## Work instruction
Copy all the data exactly, except the pictures.

*** Opening of Data shown ***

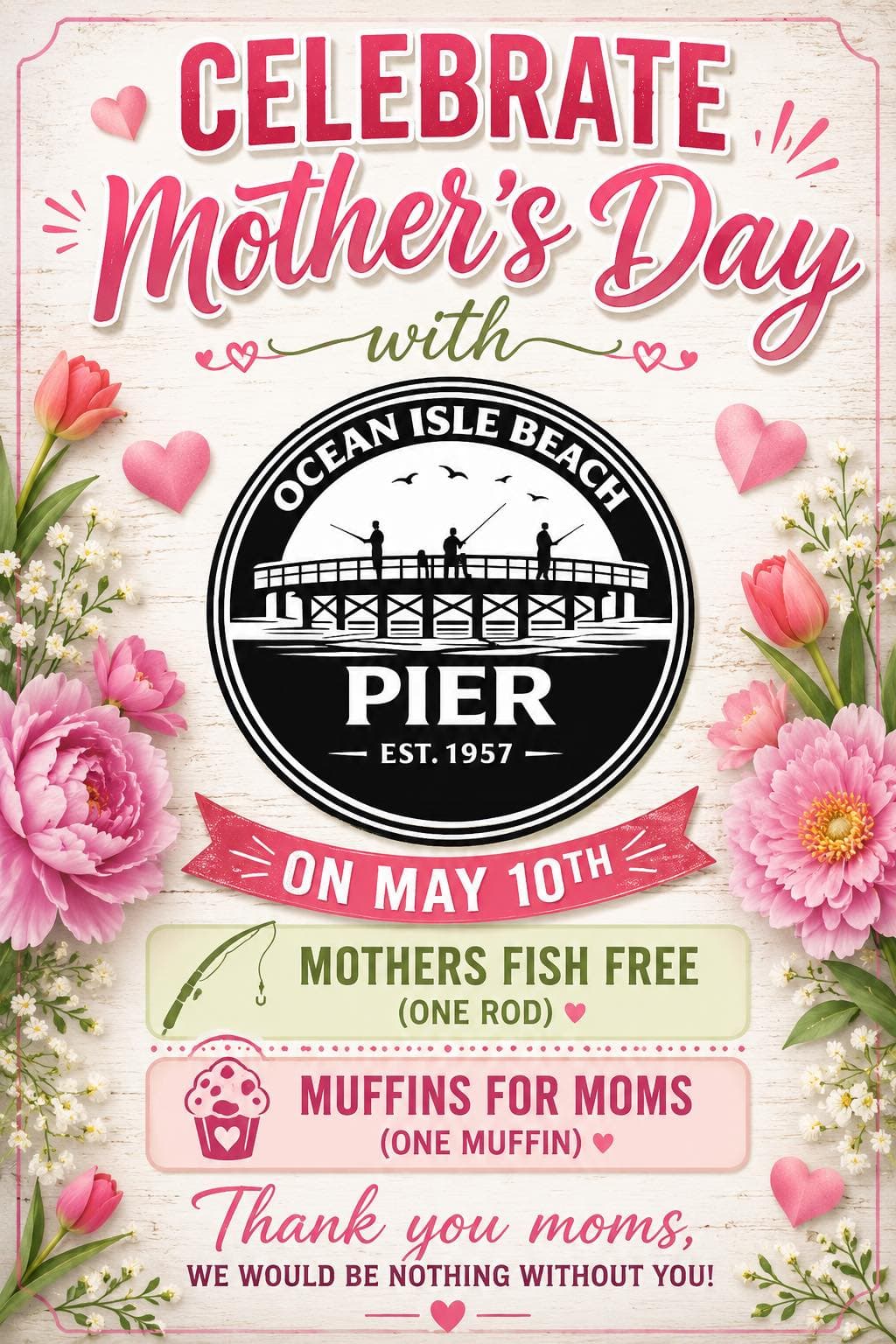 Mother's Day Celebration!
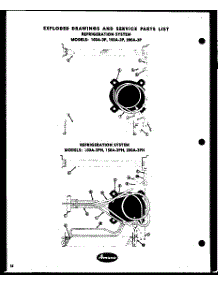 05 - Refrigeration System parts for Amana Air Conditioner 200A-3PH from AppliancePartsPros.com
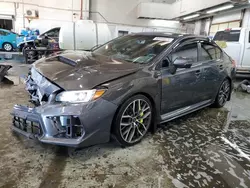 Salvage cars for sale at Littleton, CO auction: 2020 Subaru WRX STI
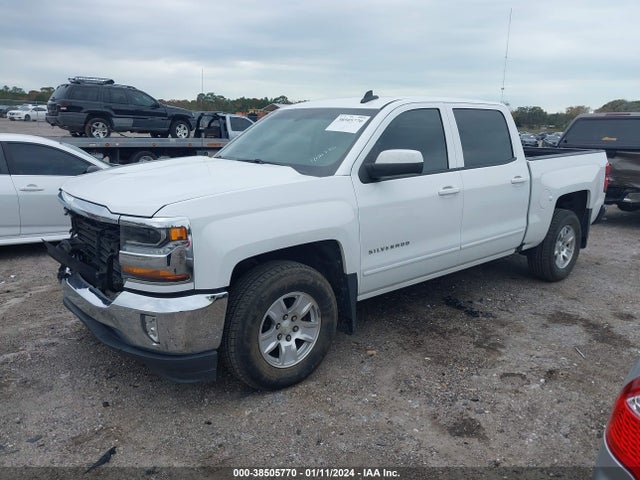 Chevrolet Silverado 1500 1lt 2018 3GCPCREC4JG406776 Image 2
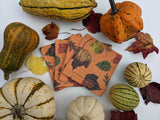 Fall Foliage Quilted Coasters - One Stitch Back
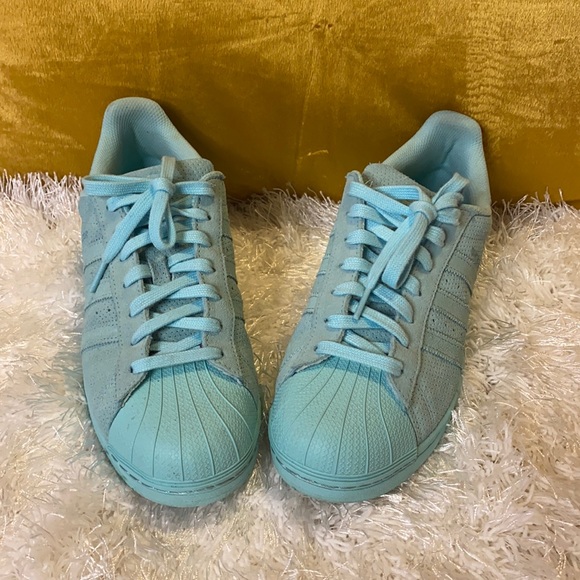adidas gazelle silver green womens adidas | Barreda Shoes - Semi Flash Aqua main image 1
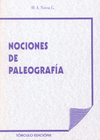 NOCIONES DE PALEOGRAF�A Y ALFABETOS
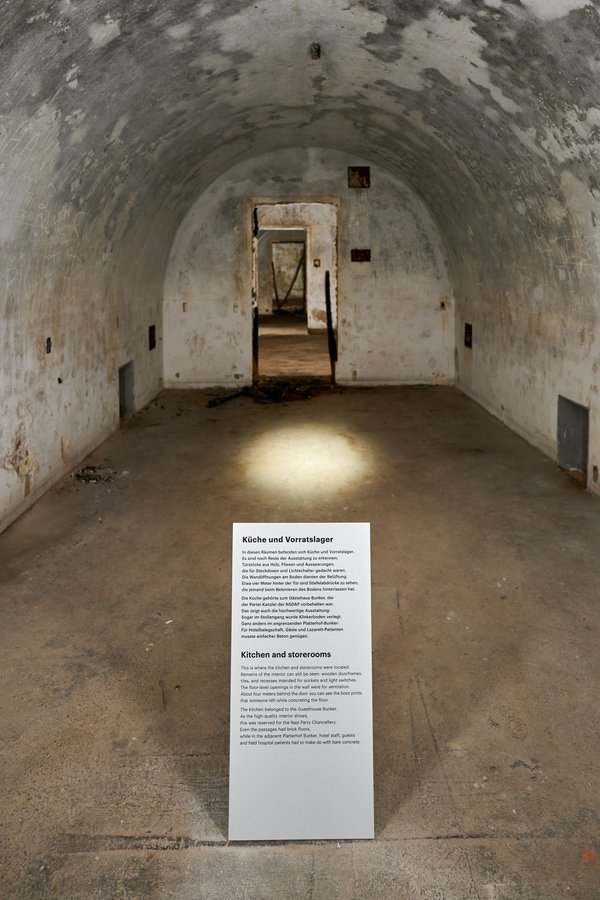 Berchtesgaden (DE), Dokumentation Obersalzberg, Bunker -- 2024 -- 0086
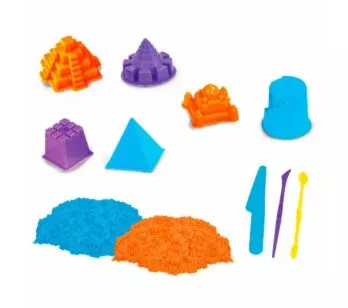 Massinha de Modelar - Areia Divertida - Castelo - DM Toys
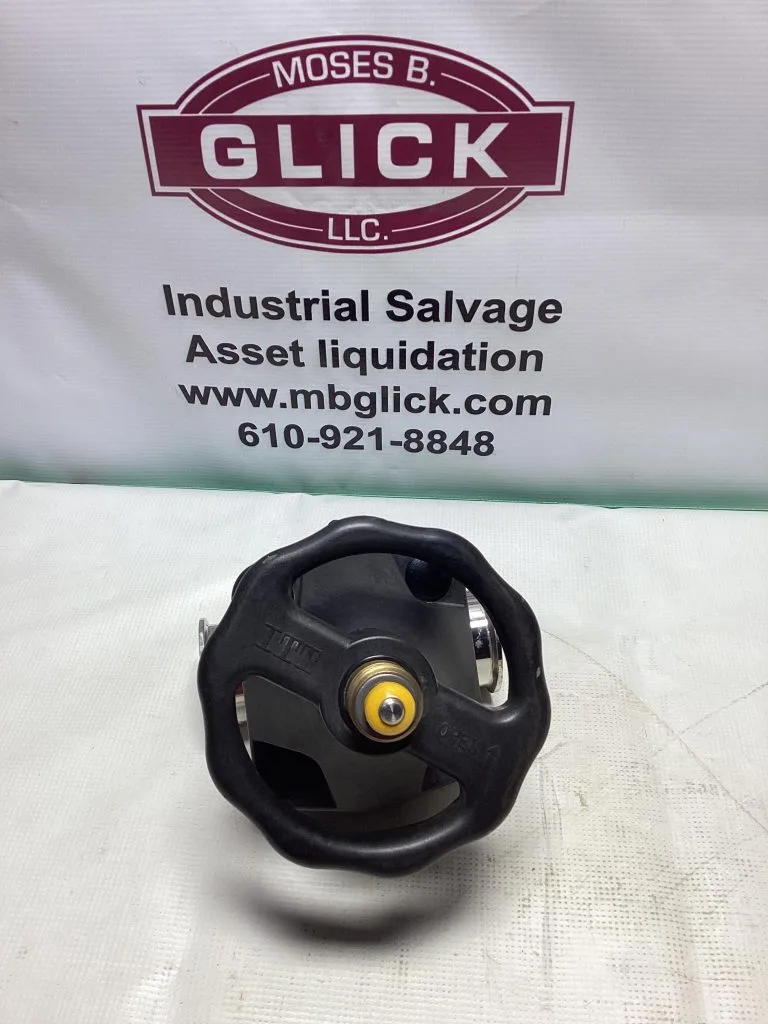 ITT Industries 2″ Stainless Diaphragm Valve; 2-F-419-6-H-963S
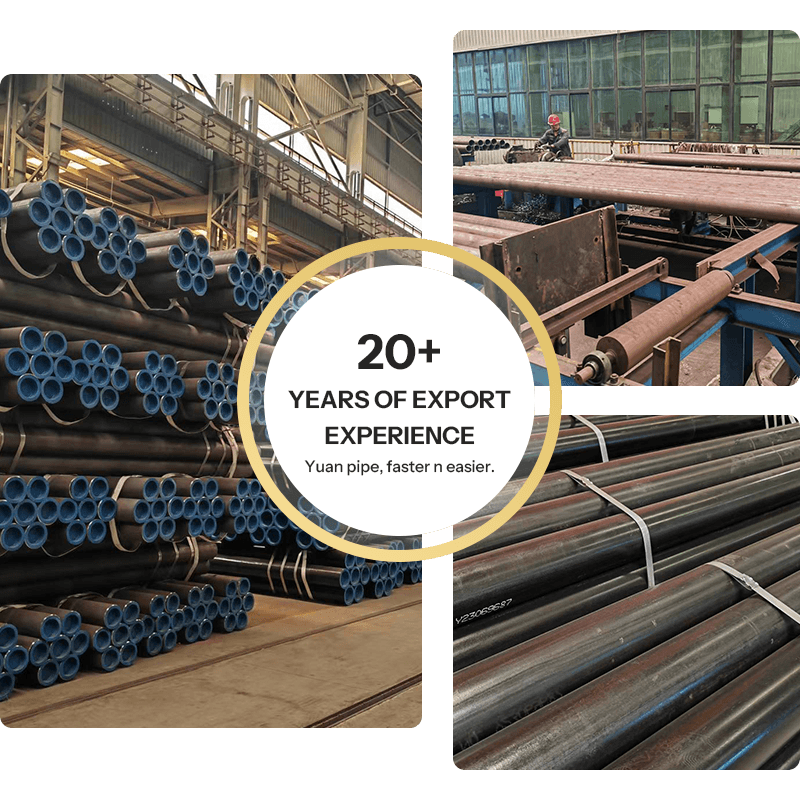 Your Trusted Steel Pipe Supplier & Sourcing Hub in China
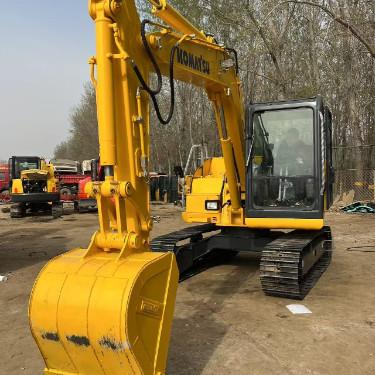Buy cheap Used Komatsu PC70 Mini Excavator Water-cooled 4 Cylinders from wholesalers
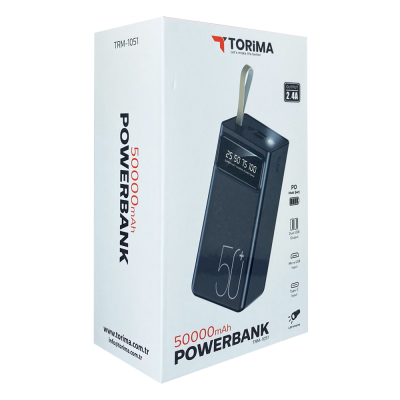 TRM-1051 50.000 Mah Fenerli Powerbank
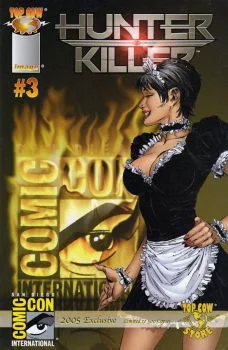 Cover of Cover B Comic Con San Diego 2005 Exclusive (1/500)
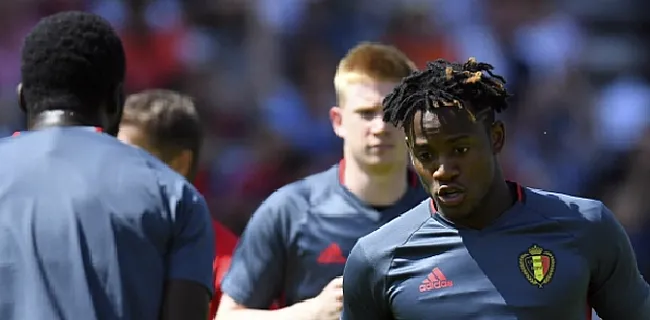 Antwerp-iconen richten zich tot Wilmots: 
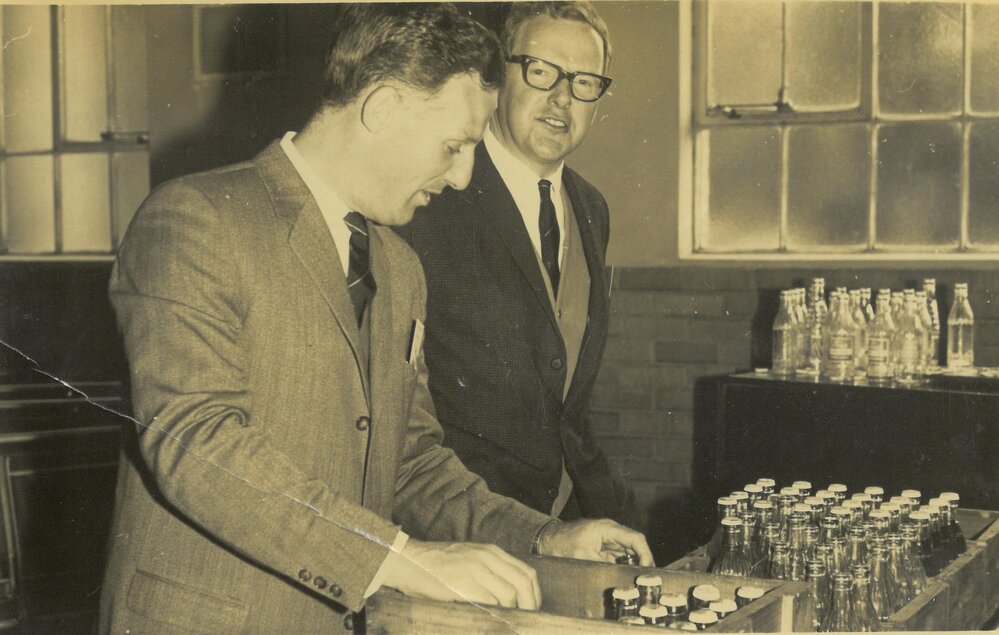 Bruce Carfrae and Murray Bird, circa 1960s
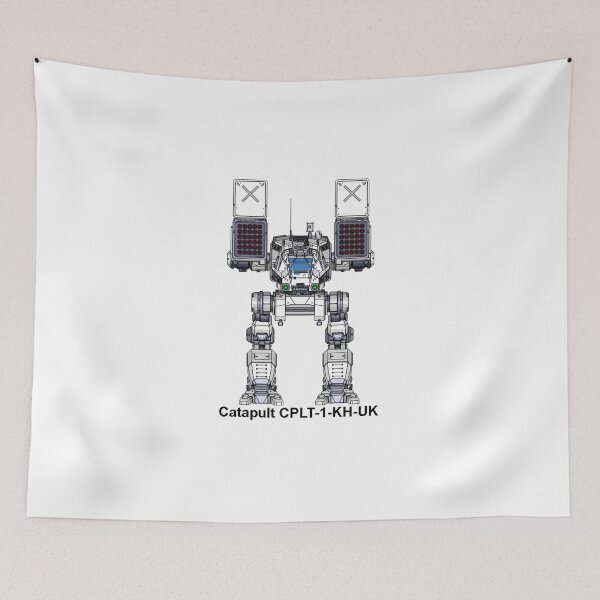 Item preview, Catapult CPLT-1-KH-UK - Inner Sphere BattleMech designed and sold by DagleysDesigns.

*** Close of Data shown ***

## Result
 Mother's Day Celebration!
 05 - Refrigeration System parts for Amana Air Conditioner 200A-3PH from AppliancePartsPros.com
 Salvage cars for sale at Littleton, CO auction: 2020 Subaru WRX STI
 Chevrolet Silverado 1500 1lt 2018 3GCPCREC4JG406776 Image 2
 Fall Foliage Quilted Coasters - One Stitch Back
adidas gazelle silver green womens adidas | Barreda Shoes - Semi Flash Aqua main image 1
 NOCIONES DE PALEOGRAF�A Y ALFABETOS
 Berchtesgaden (DE), Dokumentation Obersalzberg, Bunker -- 2024 -- 0086
 Massinha de Modelar - Areia Divertida - Castelo - DM Toys
 ITT Industries 2″ Stainless Diaphragm Valve; 2-F-419-6-H-963S
 Your Trusted Steel Pipe Supplier & Sourcing Hub in China
Buy cheap Used Komatsu PC70 Mini Excavator Water-cooled 4 Cylinders from wholesalers
 TRM-1051 50.000 Mah Fenerli Powerbank
 Cover of Cover B Comic Con San Diego 2005 Exclusive (1/500)
 Antwerp-iconen richten zich tot Wilmots: 
 Bruce Carfrae and Murray Bird, circa 1960s
 Item preview, Catapult CPLT-1-KH-UK - Inner Sphere BattleMech designed and sold by DagleysDesigns.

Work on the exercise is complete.